Unemployment rate in Hong Kong reached its highest point in 16 years as its economy was ravaged by the coronavirus epidemic. The number of unemployed from October to December rose to 6.6 percent, an increase of 0.3 percent from the previous three months. The retail, hospitality and food sectors suffered from stringent social distance measures.
The United Arab Emirates is accelerate the rollout of its coronavirus vaccines as the Gulf Federation seeks to overtake its new ally Israel as the world’s most vaccinated nation. The UAE, which has vaccinated about 20 percent of the population, is starting to catch up with Israel, leading at a rate of 29 percent.
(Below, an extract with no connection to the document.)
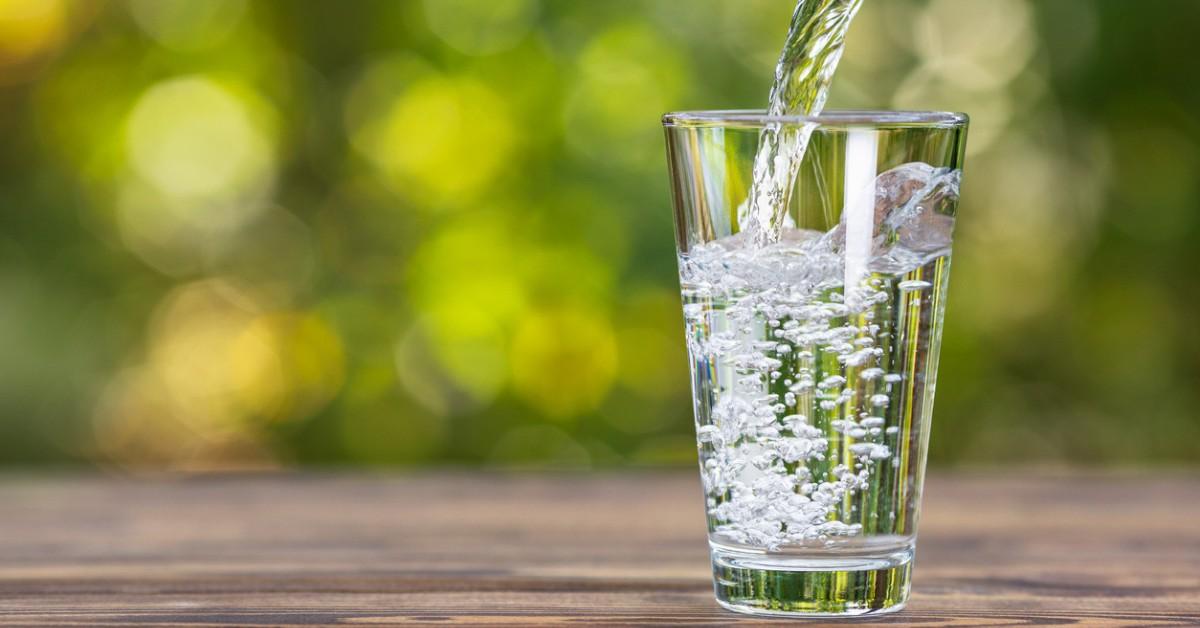 A glass is filled with water, creating bubbles as it's poured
Australia’s Chief Medical Officer has said the country will return to “sort of normal” this year following the Covid-19 vaccination program, but international travel is still a while away. Paul Kelly said the vaccination effort would not allow Australia reopen its limits, due to high infection levels elsewhere.
The Ring at the London Metal Exchange
The London Metal Exchange will propose permanently close his ring, where metals have been traded since its founding in 1877, a move that would end the personal commodity trade in Europe. The stock market’s decision would come after it temporarily halted trading in the Ring last year due to the pandemic.
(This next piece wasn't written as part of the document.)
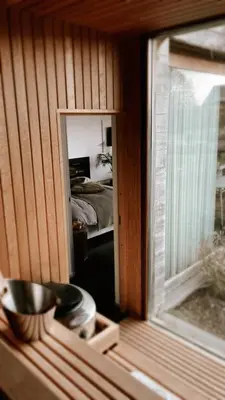 a room with a mirror and a room with a bed at Lit de Clémot in Merelbeke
Halliburton, one of the three largest oilfield service companies in the world, reported a fourth quarter decrease in income to $ 160 million, or 18 cents a share, from $ 285 million a year ago. That was a 60 percent increase from the previous three months, when oilfield activity in the company’s main US market remained under pressure.
Bank of America’s net income in the fourth quarter increased by almost $ 600 million, driven by the release of loan loss reserves, capital market income and net interest income that rose for the first time in more than a year. Quarterly net income rose to $ 5.5 billion, but total revenue was $ 20.1 billion, did not live up to expectations of $ 20.5 billion.
Travel restrictions, store closings, and less festive gatherings dented Swiss chocolatier Lindt & Sprüngli’s company. Organic sales fell 6.1 percent to SFr 4.02 billion ($ 4.52 billion) in 2020, resulting in a decline of nearly 11 percent year-on-year. Shares in Lindt fell 2 percent on Tuesday.